Why the overhead of memcpy() in EL3 is higher than in NS.EL1?

I evaluated the performance overhead of memcpy (memory copy) in both NS.EL1 (kernel module) and EL3 (arm trusted firmware):

1. I allocated two contiguous physical memory buffers A and B via Linux's CMA allocator (specifically, via cma_alloc()). 

2. In NS.EL1's kernel module, I directly use memcpy(A, B, sizeof(A)) for memory copy.
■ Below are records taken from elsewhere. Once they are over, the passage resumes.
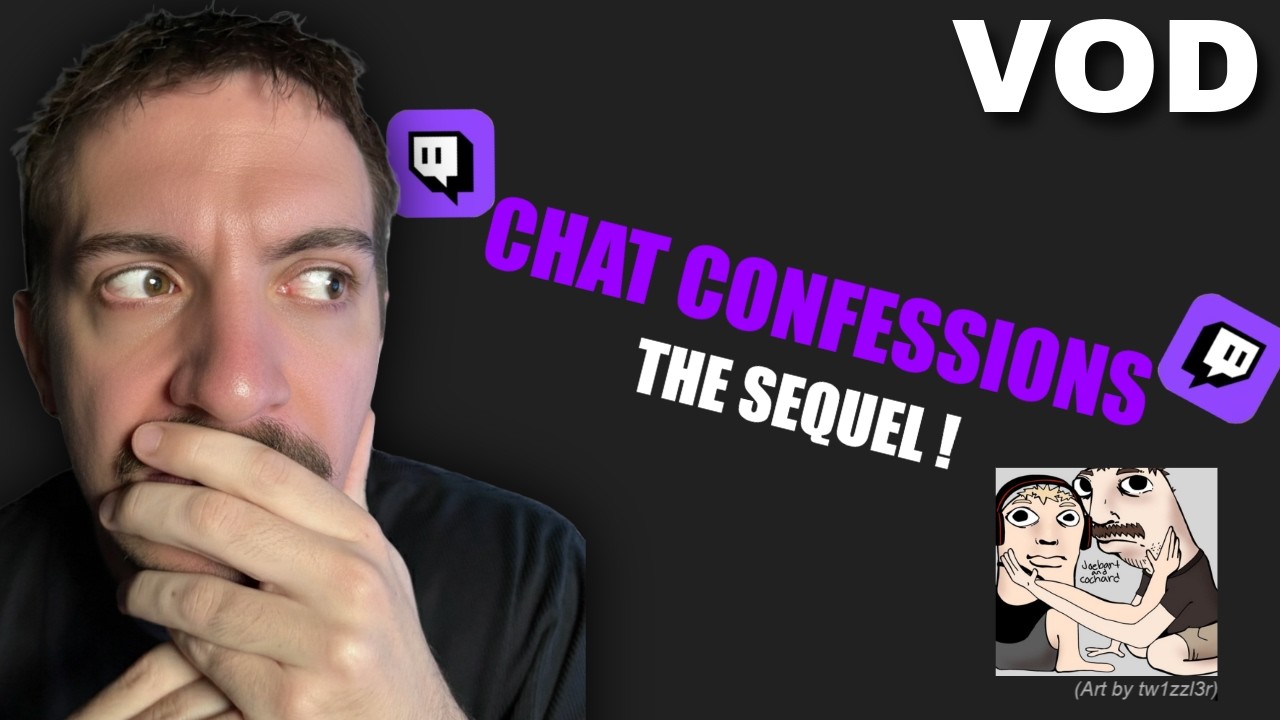 CHAT CONFESSIONS 2︱cochard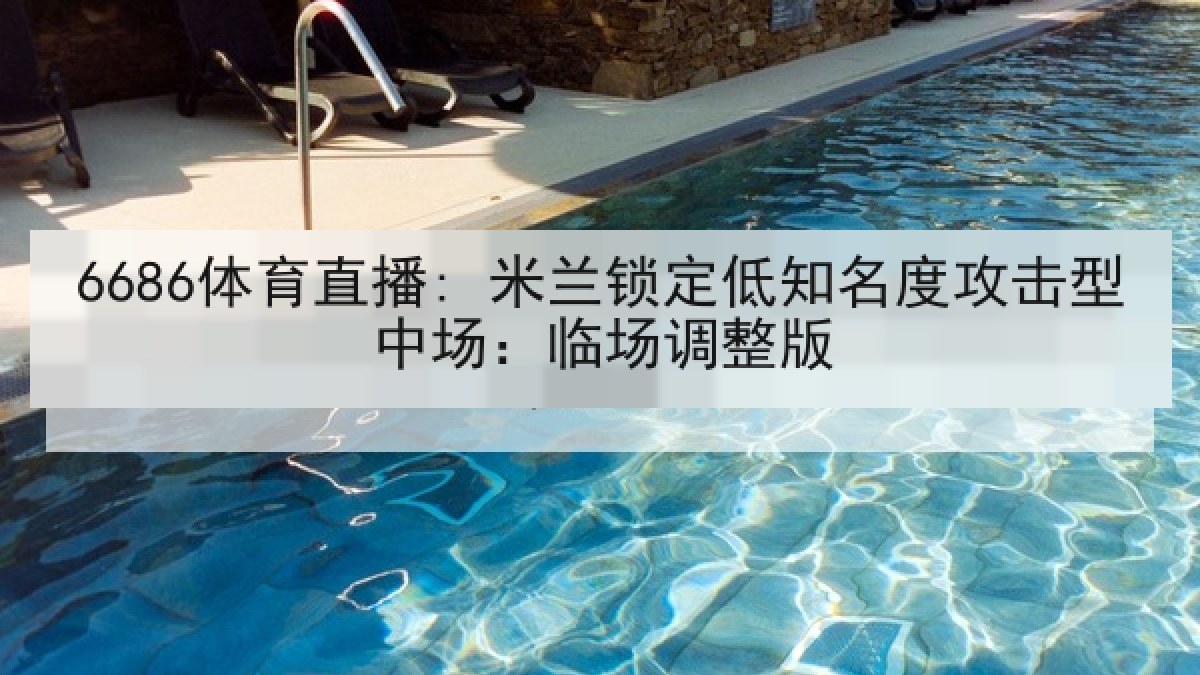 6686体育直播: 米兰锁定低知名度攻击型中场:临场调整版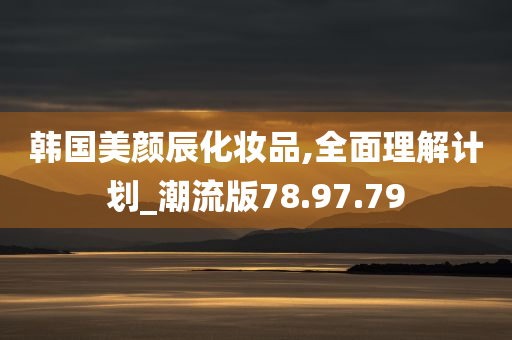 韩国美颜辰化妆品,全面理解计划_潮流版78.97.79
3. In EL3 BL31, I use memcpy(phys_addr(A), phys_addr(B), sizeof(A)) for memory copy. Note that I initialized the page table (flat region map) of EL3 during bl31_setup and directly pass two buffers' physical addresses to perform memory copy, thus no page fault will be triggered.
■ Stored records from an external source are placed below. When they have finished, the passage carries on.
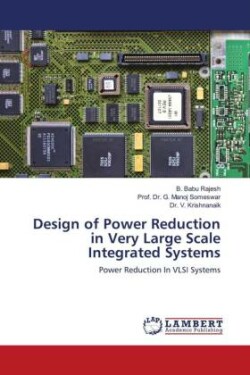 Design of Power Reduction in Very Large Scale Integrated Systems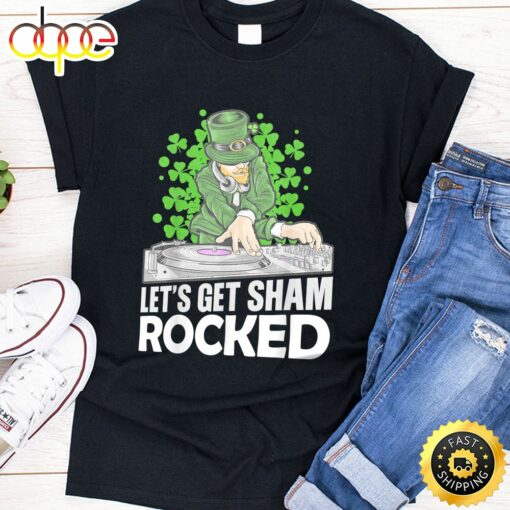 Let’s Get Sham Rocked Three Leaf Clover Dj St. Patrick Day T-Shirt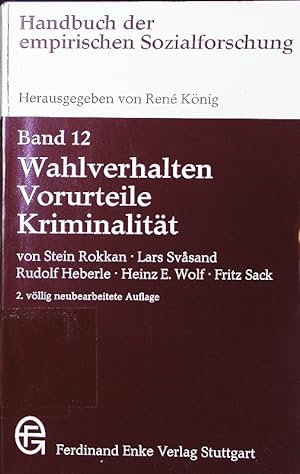 Image du vendeur pour Handbuch der empirischen Sozialforschung. - 12. Wahlverhalten, Vorurteile, Kriminalitt. mis en vente par Antiquariat Bookfarm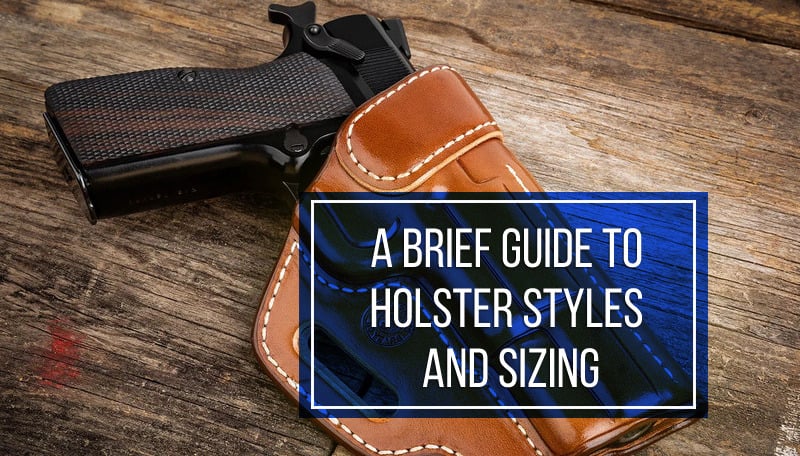 A Quick Guide to Holster Styles and Sizing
4. To evaluate the overhead, I read the PMU counter register pmccntr: asm volatile("mrs %0, pmccntr_el0" : "=r" (r));

So that the cycle evaluation is like that:

start = getCycle();

memcpy(A, B, ...);

end = getCycle();

cycle = end - start.

I performed the evaluation on a Juno R2 board and set the memory buffer size from 4KB to 64MB.During the evaluation, I just enabled only one CPU core.This is a short summary of the results:

Memcpy  Time in EL1 Kernel Module Time in EL3 BL31 (arm trusted firmware)
4KB 1,324 cycles / 0.0015 ms 20,785 cycles / 0.02 ms
64KB 22,412 cycles / 0.026 ms 328,951 cycles / 0.39 ms
1MB 549,383 cycles / 0.66 ms 5,446,983 cycles / 6.5 ms
64MB 38,262,713 cycles / 45.91 ms 348,783,503 cycles / 418.5 ms

 Counterintuitively, I find that memcpy() in EL3 is 10x slower than in NS.EL1 kernel module. Are there any possible explanations? Is this due to different cache & data coherence models in EL1 and EL3?